Monday, August 18, 2008

Hackers Welcome Joomla Security Fixes

On Thursday, Joomla announced the 1.5.6 upgrade of its popular web-based CMS (content management system), a release designed to fix several security issues.


However, within hours of the security-oriented release, the Joomla web site was defaced by a team of hackers calling themselves the Red Eye Crew, bent on spoiling the fun.

The fact that Joomla's site got defaced isn't the newsworthy piece, though. The newsworthy piece is the fact that Joomla's site was defaced in a similar way almost exactly a year ago - in 2007.

I recall this because at the time, we were looking at purchasing a new CMS system and I was wading through one of various "Beginning Joomla" guides recently purchased from Barnes and Noble. For various reasons, we didn't end up going the Joomla route.

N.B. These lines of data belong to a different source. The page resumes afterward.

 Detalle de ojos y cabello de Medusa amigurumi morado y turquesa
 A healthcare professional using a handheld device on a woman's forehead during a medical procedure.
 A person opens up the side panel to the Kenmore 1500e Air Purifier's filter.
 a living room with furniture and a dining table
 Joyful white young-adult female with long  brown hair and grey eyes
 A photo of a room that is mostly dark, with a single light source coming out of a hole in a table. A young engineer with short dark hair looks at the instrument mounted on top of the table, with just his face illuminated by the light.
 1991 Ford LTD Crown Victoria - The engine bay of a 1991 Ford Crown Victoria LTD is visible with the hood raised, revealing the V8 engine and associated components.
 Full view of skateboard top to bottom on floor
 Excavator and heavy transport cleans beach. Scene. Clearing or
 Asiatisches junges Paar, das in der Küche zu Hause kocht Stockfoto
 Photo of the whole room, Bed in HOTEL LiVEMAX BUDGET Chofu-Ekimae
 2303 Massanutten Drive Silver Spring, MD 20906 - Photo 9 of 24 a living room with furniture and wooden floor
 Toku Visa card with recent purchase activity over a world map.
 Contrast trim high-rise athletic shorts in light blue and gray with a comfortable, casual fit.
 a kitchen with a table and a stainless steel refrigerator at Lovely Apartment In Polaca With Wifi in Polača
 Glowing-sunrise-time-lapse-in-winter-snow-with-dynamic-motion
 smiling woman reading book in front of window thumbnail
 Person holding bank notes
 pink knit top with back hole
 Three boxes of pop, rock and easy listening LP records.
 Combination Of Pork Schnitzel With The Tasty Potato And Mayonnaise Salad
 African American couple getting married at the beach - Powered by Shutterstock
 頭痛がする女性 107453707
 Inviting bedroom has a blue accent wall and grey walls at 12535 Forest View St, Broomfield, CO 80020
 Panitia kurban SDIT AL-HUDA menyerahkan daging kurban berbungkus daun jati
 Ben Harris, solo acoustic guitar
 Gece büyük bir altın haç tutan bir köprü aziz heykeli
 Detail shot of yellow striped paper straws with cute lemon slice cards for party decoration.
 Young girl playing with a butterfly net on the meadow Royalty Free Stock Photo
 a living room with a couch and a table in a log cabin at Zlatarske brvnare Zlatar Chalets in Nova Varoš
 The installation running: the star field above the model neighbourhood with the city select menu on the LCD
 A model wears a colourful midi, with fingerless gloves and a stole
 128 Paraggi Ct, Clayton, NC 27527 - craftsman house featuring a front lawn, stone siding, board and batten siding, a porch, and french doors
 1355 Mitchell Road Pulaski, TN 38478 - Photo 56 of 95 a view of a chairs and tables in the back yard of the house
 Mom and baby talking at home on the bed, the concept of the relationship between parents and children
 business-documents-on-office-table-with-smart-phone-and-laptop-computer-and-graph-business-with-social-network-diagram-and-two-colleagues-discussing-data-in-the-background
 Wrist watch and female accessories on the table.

On Thursday, the PR folks did a reasonable job of explaining to folks why, on the eve of a security release, they should take the view that the hack was meaningless. But I'm not sure they went far enough. Joomla is a community - and any web-based hack is worrying to the people that have chosen Joomla as their web-based CMS.

Worse, the accouncement did not even acknowledge the previous issues, choosing to speak as if this were a one-time event:

"Nothing but good will come of this experience. There's nothing like first hand experience to remind us of the trust our end user community places in us and the importance of working harder and smarter towards improving security."

Nothing but good will come from this? This kind of statement only works the first time. The fact that this morning's hack was a repeat effort requires the organization to "get serious" - and do more than offer an apology for "poor operating procedures" - you can only do that once. That card was played last year (and possibly earlier - but evidence for this is mainly anecdotal).

On the Joomla site, the organization is encouraging users to adopt the new release for security reasons, and signs off by saying "In retrospect, we wish we'd followed our own advice more diligently."

When attacks occur a second, or possibly third time, you need to win back trust by committing to look deeper, and you need to personalize it as well, and offer to look at the people involved as well as the systems.